What are the types of trusts, and which one is best for me?
Learn what types of trust exist, what they are, and how they could be a beneficial tool for you to utilise.

Table of Contents
- What are the types of trusts, and which one is best for me?
- Why is it important to know about different types of trusts?
- What is a trust fund?
- Why would I want to set up a trust fund?
- What are the different types of trusts in the UK?
- What do I need to consider when choosing the trust for me?
- Need help setting up a trust? Speak to TheWealthPoint
- FAQs
What are the types of trusts, and which one is best for me?
Trusts are more than just a financial tool; they’re a cornerstone of effective financial planning, offering a range of options for managing your wealth constructively. And no, they aren’t just tools for the wealthy; trusts are there for anyone who wants to plan their financial future or manage their wealth thoughtfully.
Why is it important to know about different types of trusts?
Each trust offers something different, catering to a wide array of financial needs and personal circumstances. Simply put, each trust serves a specific purpose. Some are great at protecting your assets and ensuring financial stability for your beneficiaries; others offer tax benefits or help maintain control over how your assets are used and manage your estate according to your wishes.

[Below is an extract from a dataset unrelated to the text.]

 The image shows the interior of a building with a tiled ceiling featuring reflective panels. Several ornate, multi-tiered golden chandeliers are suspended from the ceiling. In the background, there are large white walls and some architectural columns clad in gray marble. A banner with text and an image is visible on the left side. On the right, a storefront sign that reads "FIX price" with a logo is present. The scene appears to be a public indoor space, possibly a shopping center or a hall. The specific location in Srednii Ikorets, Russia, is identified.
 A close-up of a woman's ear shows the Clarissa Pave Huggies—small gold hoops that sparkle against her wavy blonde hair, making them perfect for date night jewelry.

But first, before we delve into the different types of trusts, let’s quickly explain what a trust is and why you might want to set one up.
What is a trust fund?
A trust fund is a legal arrangement allowing you, the settlor, to put aside assets such as money, property, or investments for the benefit of someone else, known as the beneficiary.
In a trust fund, a third party called the trustee, is given the responsibility to manage and control the assets you’ve put in the fund. The trustee is the legal owner of the trust, and it’s their responsibility to ensure the assets are handled according to your instructions.
As mentioned above, trust funds are not just for the wealthy; they can be a practical tool for anyone seeking to manage their assets responsibly.
Why would I want to set up a trust fund?
Trust funds offer a structured way to pass on wealth, protect assets, and can sometimes even provide tax benefits. While setting up a trust fund can offer multiple benefits such as supporting a family member or managing charitable donations, the main reason most people set them up is for asset protection.
Trusts can safeguard your wealth from creditors or legal disputes e.g. divorce settlements or legal judgement, protecting assets for future generations. That’s because once assets are placed in a trust, they’re no longer considered the personal property of the settlor i.e. you, making them less accessible to claims against the settlor’s estate.
They also provide a means for you, the settlor, to specify terms and conditions on how and when the assets are distributed, maintaining control over their use, ensuring they’re used as intended. For example, for parents, trusts can be a way to secure your children’s financial future, especially if they’re too young or unable to manage large sums of money responsibly.
Trusts can also offer tax advantages, potentially mitigating inheritance tax, capital gains tax, or income tax, depending on the type of trust and the circumstances. However, tax rules can be complex and are subject to change, so professional advice is necessary.
In charitable cases, they allow you to contribute to causes you care about while ensuring your donations are used effectively.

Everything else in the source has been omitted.